TASK DETAILS:
Report only the number of lines below in which the string "Piso" appears.

GIVEN RECORDS:
+ + + +

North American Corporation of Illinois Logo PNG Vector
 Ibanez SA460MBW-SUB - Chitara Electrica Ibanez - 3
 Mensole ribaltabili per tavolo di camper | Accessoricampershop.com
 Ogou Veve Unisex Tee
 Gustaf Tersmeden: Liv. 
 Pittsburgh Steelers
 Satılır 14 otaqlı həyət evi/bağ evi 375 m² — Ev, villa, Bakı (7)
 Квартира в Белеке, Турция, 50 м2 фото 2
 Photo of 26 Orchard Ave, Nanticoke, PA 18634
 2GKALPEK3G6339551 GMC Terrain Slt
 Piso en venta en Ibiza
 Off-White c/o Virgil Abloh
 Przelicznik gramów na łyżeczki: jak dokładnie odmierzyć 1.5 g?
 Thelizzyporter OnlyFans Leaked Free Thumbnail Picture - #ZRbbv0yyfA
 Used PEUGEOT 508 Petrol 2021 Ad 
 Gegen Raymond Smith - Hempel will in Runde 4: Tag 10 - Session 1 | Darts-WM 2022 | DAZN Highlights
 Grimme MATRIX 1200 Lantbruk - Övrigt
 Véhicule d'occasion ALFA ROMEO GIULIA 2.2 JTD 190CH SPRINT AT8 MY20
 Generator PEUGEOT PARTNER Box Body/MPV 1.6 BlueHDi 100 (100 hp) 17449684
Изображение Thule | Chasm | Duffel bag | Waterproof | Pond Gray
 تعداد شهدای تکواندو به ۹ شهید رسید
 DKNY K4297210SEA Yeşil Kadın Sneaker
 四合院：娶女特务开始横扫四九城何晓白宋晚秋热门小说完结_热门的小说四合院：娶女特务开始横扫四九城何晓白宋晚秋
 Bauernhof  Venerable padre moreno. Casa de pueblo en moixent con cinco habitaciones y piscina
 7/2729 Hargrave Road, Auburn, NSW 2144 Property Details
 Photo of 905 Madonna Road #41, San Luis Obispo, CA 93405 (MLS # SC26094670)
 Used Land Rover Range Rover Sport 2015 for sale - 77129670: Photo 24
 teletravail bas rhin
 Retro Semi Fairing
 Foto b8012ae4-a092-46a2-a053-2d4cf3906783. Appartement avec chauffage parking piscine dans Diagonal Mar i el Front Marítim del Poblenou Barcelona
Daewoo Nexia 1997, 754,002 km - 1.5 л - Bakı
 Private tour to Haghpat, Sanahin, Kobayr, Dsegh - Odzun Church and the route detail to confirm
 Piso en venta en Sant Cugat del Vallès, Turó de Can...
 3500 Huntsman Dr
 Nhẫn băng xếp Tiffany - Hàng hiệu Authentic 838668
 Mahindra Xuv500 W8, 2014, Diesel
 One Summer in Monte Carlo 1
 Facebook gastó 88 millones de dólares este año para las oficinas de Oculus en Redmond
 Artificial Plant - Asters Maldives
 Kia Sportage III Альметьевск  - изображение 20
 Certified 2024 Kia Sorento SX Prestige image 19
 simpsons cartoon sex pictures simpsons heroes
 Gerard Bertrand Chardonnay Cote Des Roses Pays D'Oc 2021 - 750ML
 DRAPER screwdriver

+ + + +

EXERCISE SOLUTION:
2